**INPUT MATERIAL:**
○ ○ ○ ○ ○ ○ ○

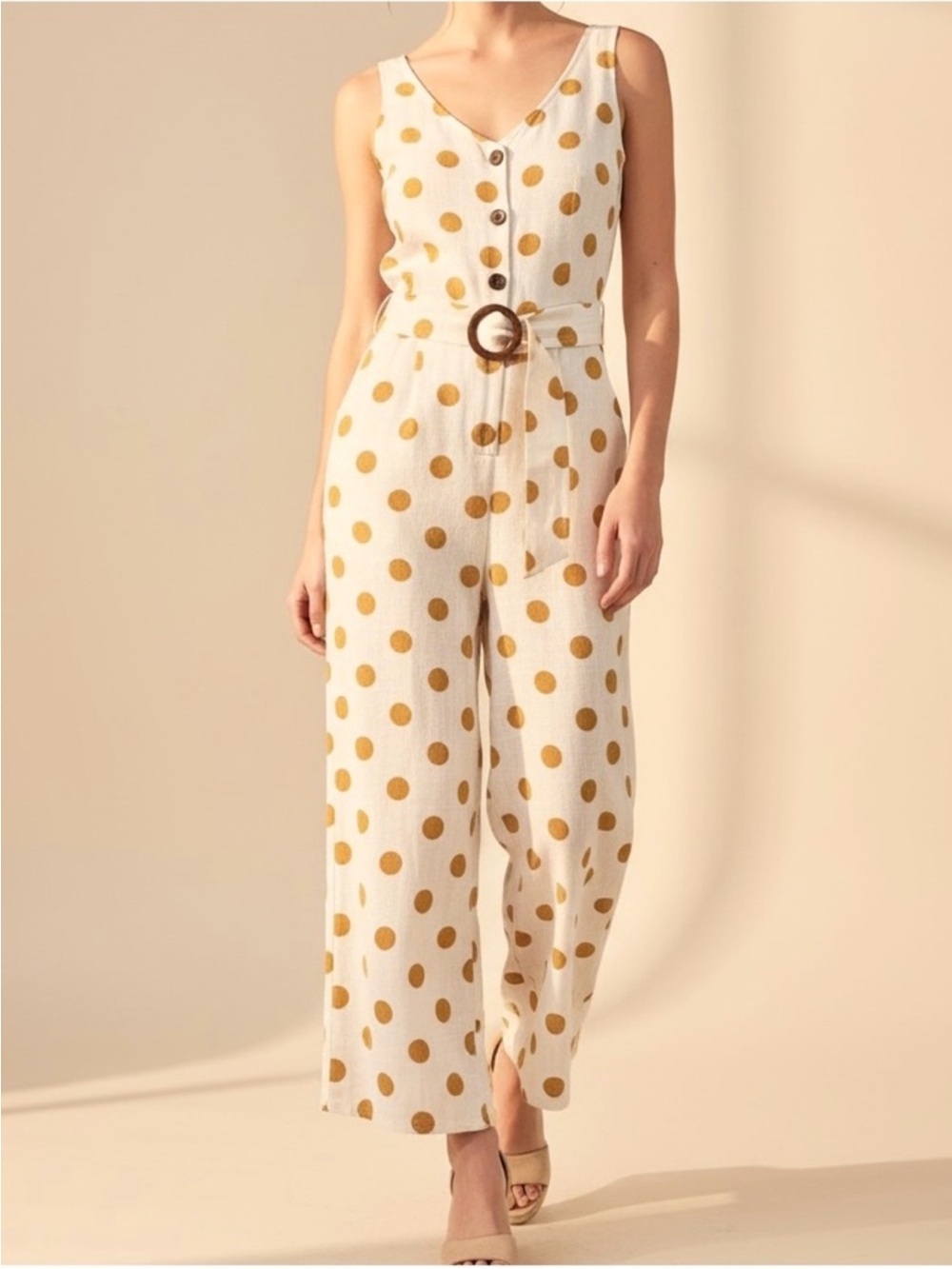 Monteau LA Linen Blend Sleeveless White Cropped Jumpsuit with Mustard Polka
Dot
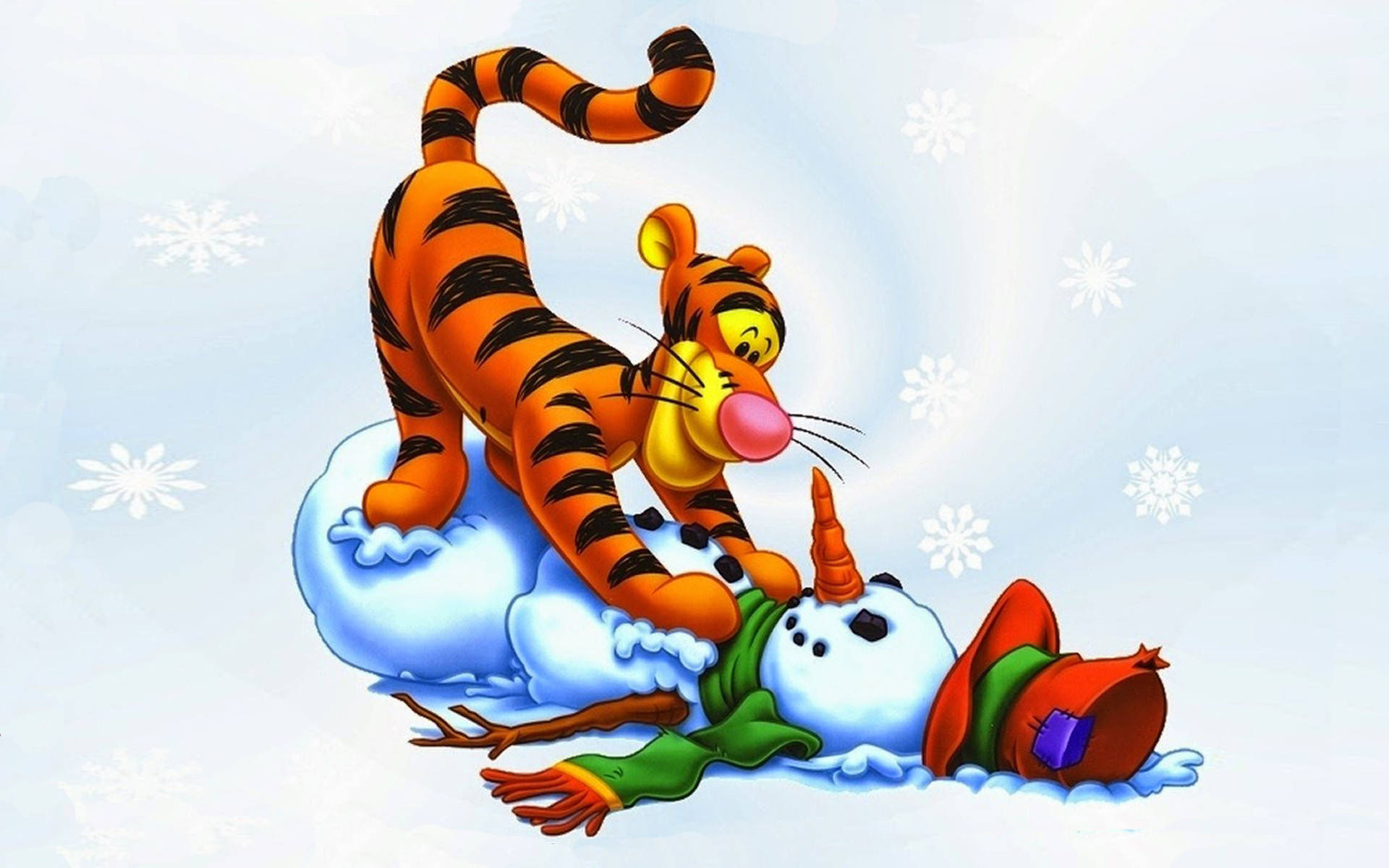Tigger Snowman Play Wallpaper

○ ○ ○ ○ ○ ○ ○

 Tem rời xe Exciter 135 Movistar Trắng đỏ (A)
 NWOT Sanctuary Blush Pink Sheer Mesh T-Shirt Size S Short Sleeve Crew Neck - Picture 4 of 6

○ ○ ○ ○ ○ ○ ○

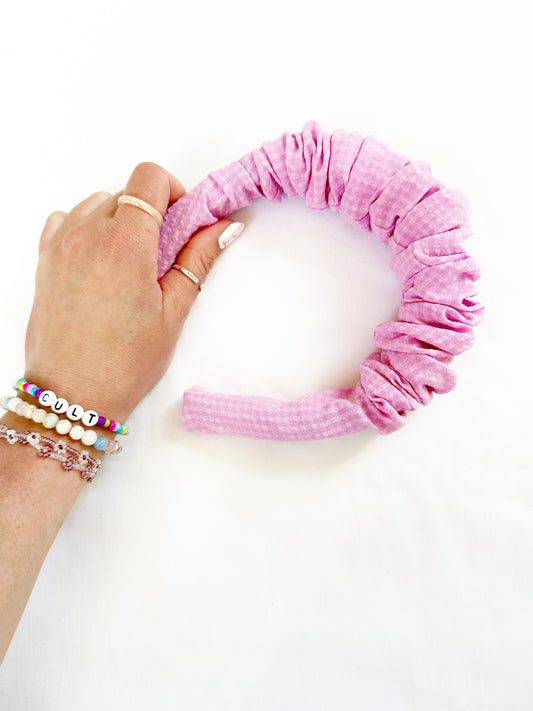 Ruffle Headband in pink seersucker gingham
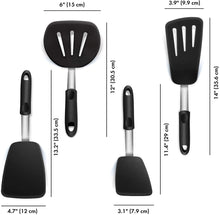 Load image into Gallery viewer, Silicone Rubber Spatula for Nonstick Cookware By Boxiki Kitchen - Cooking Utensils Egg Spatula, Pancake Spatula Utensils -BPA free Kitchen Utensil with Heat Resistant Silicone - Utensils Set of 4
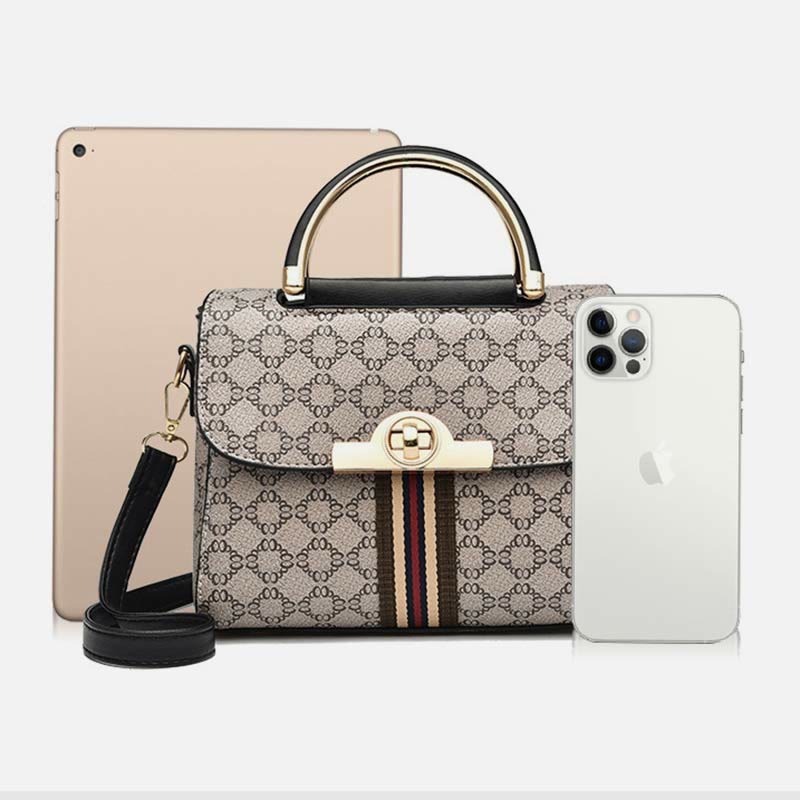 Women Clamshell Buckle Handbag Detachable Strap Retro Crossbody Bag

○ ○ ○ ○ ○ ○ ○

**INSTRUCTIONS FOR THE TASK:** An exact, complete copy of the lines above from the one with "Tem rời xe Exciter 135 Movistar Trắng đỏ (A)" through the one with "NWOT Sanctuary Blush" is the whole answer.

**OUTPUT BELOW:**
 Tem rời xe Exciter 135 Movistar Trắng đỏ (A)
 NWOT Sanctuary Blush Pink Sheer Mesh T-Shirt Size S Short Sleeve Crew Neck - Picture 4 of 6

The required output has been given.